Dreaming of Big Sky Contry

It's been a day of dreaming with my eyes open. I'm feeling nostalgic for a place I've never been in this lifetime. Actually, I drove through Montana once, on a 2010 return to the east coast after a term I refer to as "my year out west." I don't count that brief encounter as an official visit, though the majestic scenery from the interstate at 70 miles-per-hour only solidified more firmly what I've felt since 1996 - I must go there. 

Montana started calling to me during my summer break from college between my sophomore and junior years. I had traveled the past two summers, to St. Croix and Germany, respectively, and I equally longed for more travel as much as the opportunity to spend time with friends on the beach near my home. Staying put also afforded me time to visit with my mom and brother; things I cherished. Early that summer I surfed the Internet and found a job posting to wait tables or sell merchandise at Glacier National Park on the website www.coolworks.com. (Remember, this was still early-days of Internet, dial-up and all.

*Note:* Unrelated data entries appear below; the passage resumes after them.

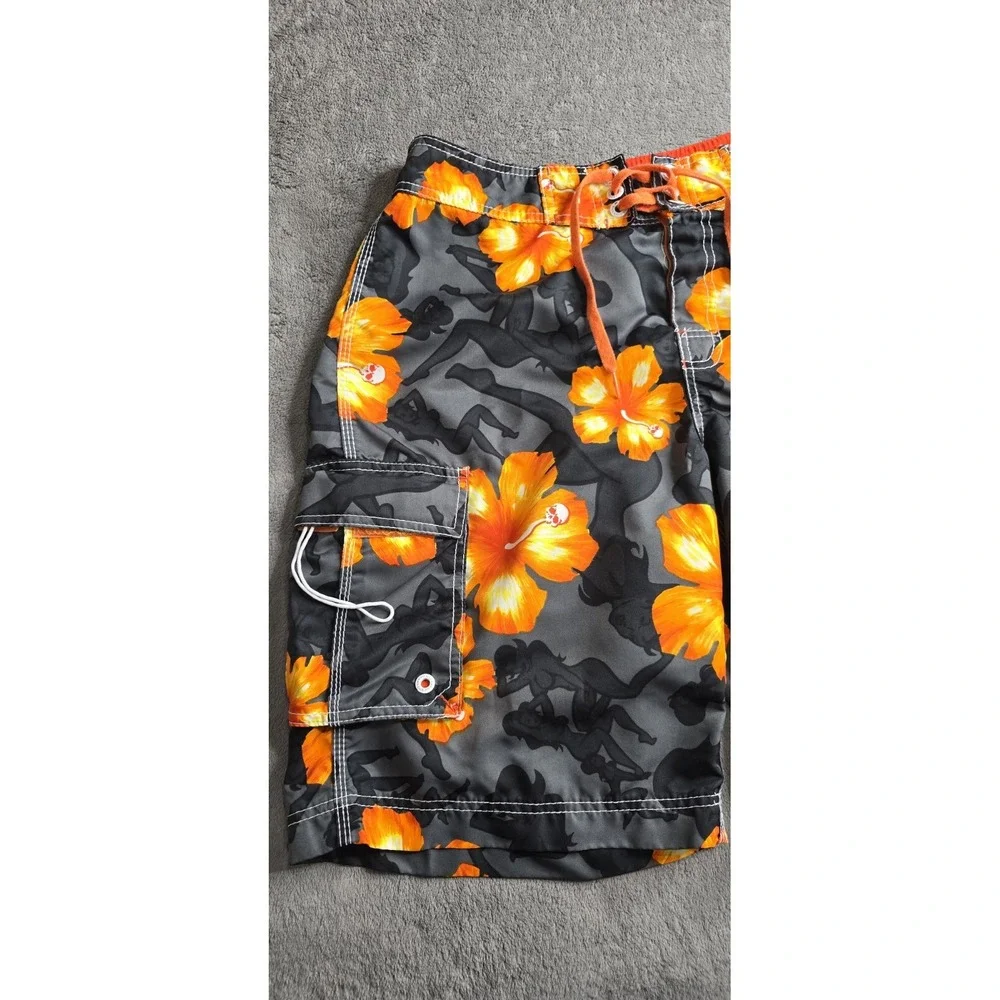 Billabong Floral Hibiscus Skull Pin Up Girl Boardshoarts Mens 33 (32) Orange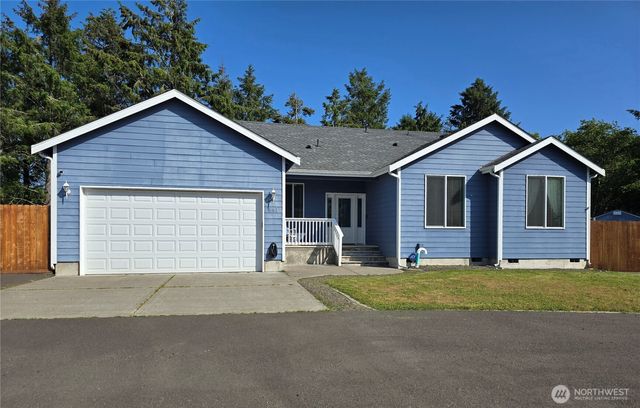 861 Willow Court SW, Ocean Shores, WA 98569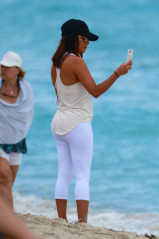  Eva Longoria on the beach in Miami фото №934468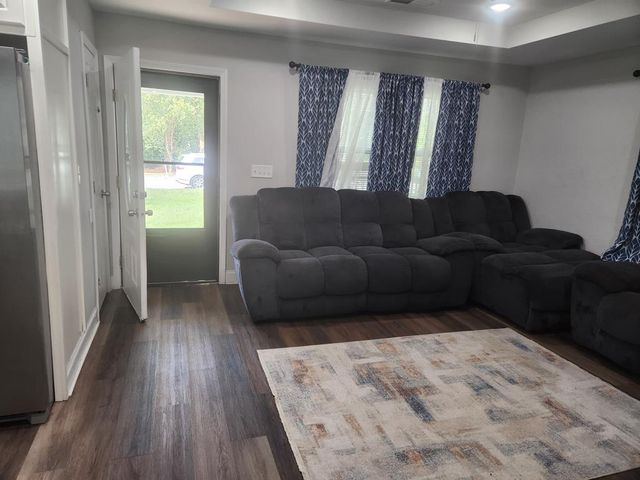 1674 E Forestside Drive, Columbus, GA 31907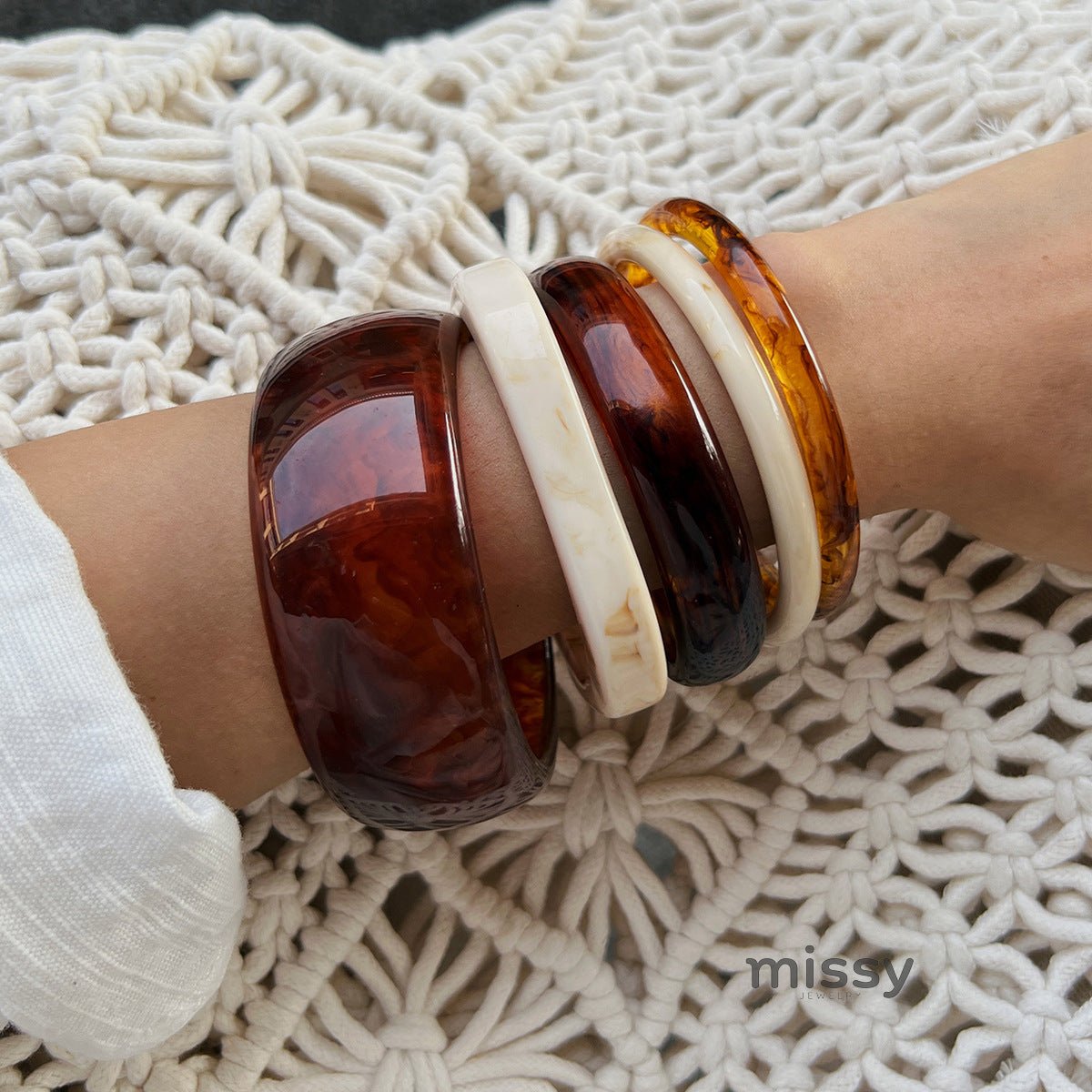 Ivyonna Irregular Resin Bangle [GCO1CQ2E]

Email wasn't yet a common-place form of communication.) I didn't apply for the summer employment opportunity in Montana. I don't think I even talked to anyone about it, but the desire lingered in me.

 I ended up waiting tables that summer in Charleston and swimming my fair share in the warm Atlantic waters of Folly Beach. It was a good summer, but in staying put I charged the mystic of a far away land, with big mountains,  snow capped peaks, high meadows, big sky, and the unknown.

Photo by Jon Sullivan
If I've had past lives I don't remember them, and I have a pretty healthy skepticism about whether our souls are reborn into new bodies in the first place. But, if I had a past life, I wonder if it was time spent pioneering the western frontier. What accounts for the nostalgia I feel for life on the open range?  Did I watch too many old westerns with my parents and grandparents? Or, does age impact our longing for "the way things were," because I don't remember gaining the emotionalism for the days-of-old until I was about 30. In any event, Montana has captured my imagination and my waking dreams. 

So as I talked out loud to myself today I questioned how I'll lay down the path to my dream. I asked:
When are you going to go? 
What form will it take? caretaking, hiking the Montana part of the CDT, biking, a travel writing gig, Glacier National Park
How will I do it?  
Will I learn to ride a horse while I'm there? 

As I asked the questions, they resonated in my gut like a singing bowl, a reverberation of excitement for the possibilities, for saying "yes" to opportunities, for the reality of organizing the longing into action, and all of that twinged with the aching unknown.

From 1996 to this day, there has been a magic hold on me that tingles when I think about Montana.

What long held dreams do you harbor?